The inefficiency of the gas chambers

Several accidents have been reported by the media in North Carolina media, demonstrating that gas chambers are not always effective. leakage of carbon monoxide can keep machinery to achieve or maintain a level of lethality of 6% -10% for the animals inside the chamber. The result can be a slow death or simple loss of consciousness and death took it before the animal is placed in a freezer, garbage dumps, landfills or incinerators. Some animals do not die first, either because of insufficient gas levels, the animal's age or health.

Kerry Prichard's Charlotte Observer reported a gas leak chamber in Cabarrus County Animal Control in March 1998. "The gas chamber used for euthanasia of animals was in sight of visitors and, some critics, does not always work well. Critics say the animals killed too slowly or not at all, due to leakage or overcrowding .... The gas chamber has been renovated and offers new homes. "It's a camera is in use, with composite parts. (26)

A September 2003 article by Charlotte Observer reporter Hannah Mitchell revealed problems with a gas chamber used in the Alexander County Animal Control. League volunteers heard a dog barking in a freezer after going through the gas chamber at the shelter and is expected dead. County Chamber of gas used to euthanize animals is sealed with tape. Campbell worried that the long time he improvised putty necessary for animals to die. (27)
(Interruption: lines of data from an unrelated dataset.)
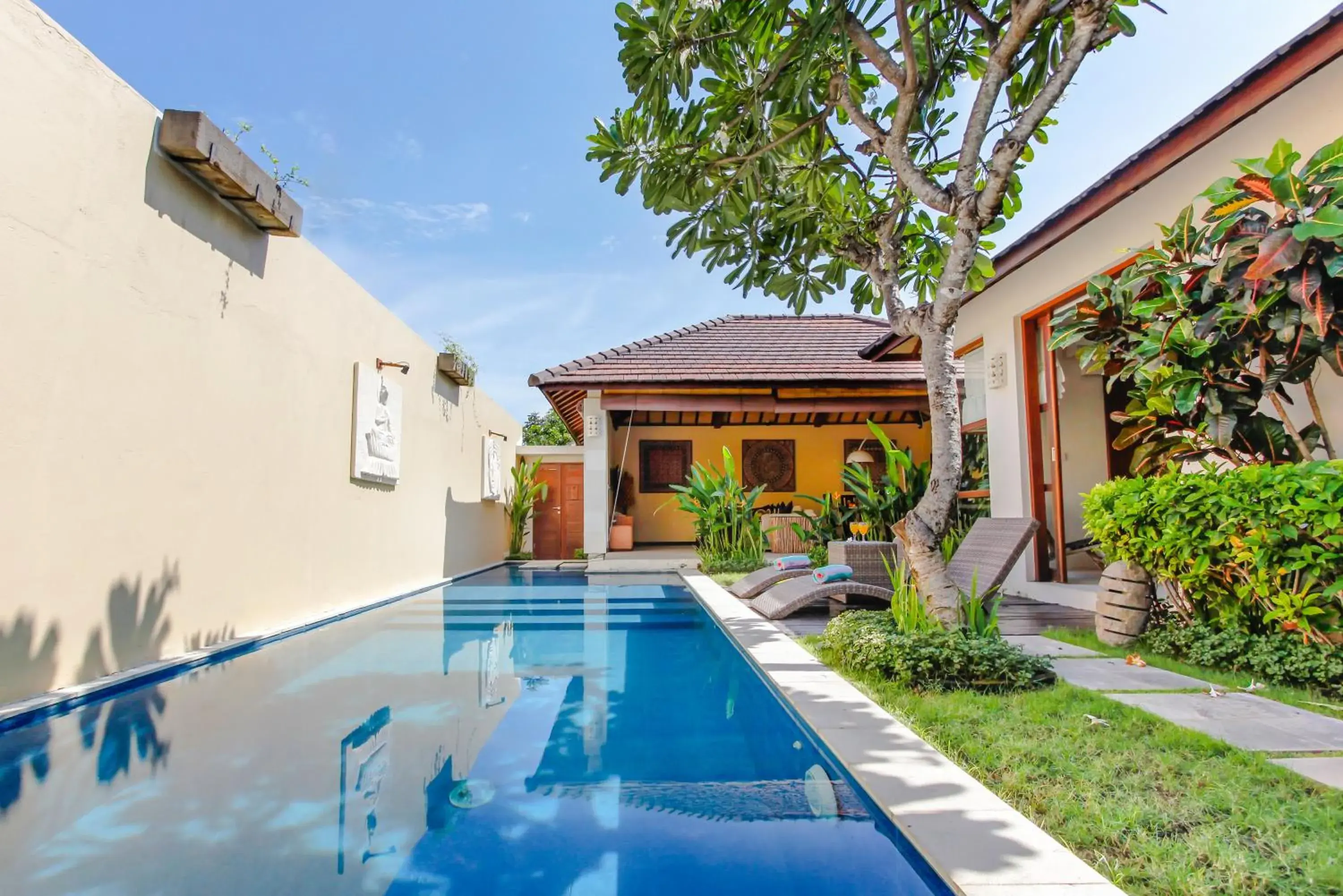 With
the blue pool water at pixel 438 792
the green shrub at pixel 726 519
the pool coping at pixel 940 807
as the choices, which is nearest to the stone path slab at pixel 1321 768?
the pool coping at pixel 940 807

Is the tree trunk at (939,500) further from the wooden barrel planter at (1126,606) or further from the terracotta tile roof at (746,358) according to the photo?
the terracotta tile roof at (746,358)

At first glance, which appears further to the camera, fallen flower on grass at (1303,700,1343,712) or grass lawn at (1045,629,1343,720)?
grass lawn at (1045,629,1343,720)

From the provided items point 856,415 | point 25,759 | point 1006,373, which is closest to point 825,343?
point 856,415

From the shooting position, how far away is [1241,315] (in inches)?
158

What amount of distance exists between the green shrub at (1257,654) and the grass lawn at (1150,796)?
1.18 metres

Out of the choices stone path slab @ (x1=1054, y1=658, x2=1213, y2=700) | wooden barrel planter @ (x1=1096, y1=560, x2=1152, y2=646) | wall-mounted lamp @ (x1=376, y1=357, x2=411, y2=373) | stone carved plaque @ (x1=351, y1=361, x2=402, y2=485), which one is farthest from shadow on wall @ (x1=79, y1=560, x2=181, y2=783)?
wooden barrel planter @ (x1=1096, y1=560, x2=1152, y2=646)

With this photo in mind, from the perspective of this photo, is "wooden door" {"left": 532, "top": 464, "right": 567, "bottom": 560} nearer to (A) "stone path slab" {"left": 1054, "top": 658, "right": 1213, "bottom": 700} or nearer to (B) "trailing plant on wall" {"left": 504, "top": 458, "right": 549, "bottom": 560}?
(B) "trailing plant on wall" {"left": 504, "top": 458, "right": 549, "bottom": 560}

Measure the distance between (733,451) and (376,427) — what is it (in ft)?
31.7

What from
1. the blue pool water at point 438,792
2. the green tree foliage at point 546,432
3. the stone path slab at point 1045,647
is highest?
the green tree foliage at point 546,432

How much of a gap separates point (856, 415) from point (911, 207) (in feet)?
35.1

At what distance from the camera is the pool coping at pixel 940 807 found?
1.78 meters

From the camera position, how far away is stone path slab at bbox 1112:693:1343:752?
9.28 feet

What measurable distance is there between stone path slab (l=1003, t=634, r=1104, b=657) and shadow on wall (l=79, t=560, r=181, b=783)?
459 centimetres

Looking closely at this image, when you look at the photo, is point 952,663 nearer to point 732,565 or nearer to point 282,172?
point 282,172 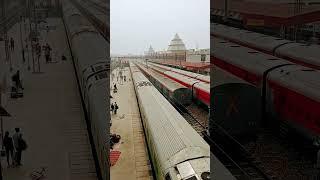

"The Charlotte Observer death at the pound" series in June 2003 have the same problem in shelters in the county to another: "In the EU, as much as 10 dogs are gassed together in a steel 4-in-4-m. It replaced room concrete drain, causing animals to survive the gassing. "In the same article, Stanly County Animal Control Officer Randy Palmer describes a situation with a gas chamber in commercial manufacture of news: "After taking them out, some of them are not all down. Sometimes we have to put po (28)

Heather Howard of the Charlotte Observer interviewed officials from Catawba County, in 2004. County Manager Tom Lundy said of the existing room gas in the animal shelter is inefficient and outdated. "Director of Emergency Services David Weldon said a new model will ensure that animals are slaughtered on the device. (29) However, the county has made the switch to euthanasia by injection in 2008.

Doug Clark The Sampson Independent has written a fascinating story about a litter of puppies who survived the gas chamber at the Local 2004 and then adopted, only to die the next day. The attempt to dispel rumors of parvo in the facility, a former employee Dianna Williford admitted: "Attempt to euthanize the puppies half an hour before and what does not. "(30) The only method of euthanasia used by the housing at that time was a chamber of carbon monoxide.

The best known of the gas chamber of canine survival in Davie, North Carolina, a dog was found alive in a trash after being dumped and assumed control of animals killed by Mocksville Davie County in 2005. Local residents Susan and Jeff Armsworthy Garbage is thrown into landfills, where they heard a whistle, which proved to be a puppy crying in a plastic bag in the container. The couple jumped in and rescued the puppy without fear piles of animal carcasses. Author Mike Gunning writes: "Apparently, one of the puppies, while the gas strikes do enough to aspire to be fatal. He seems to have realized while in the trash. (31)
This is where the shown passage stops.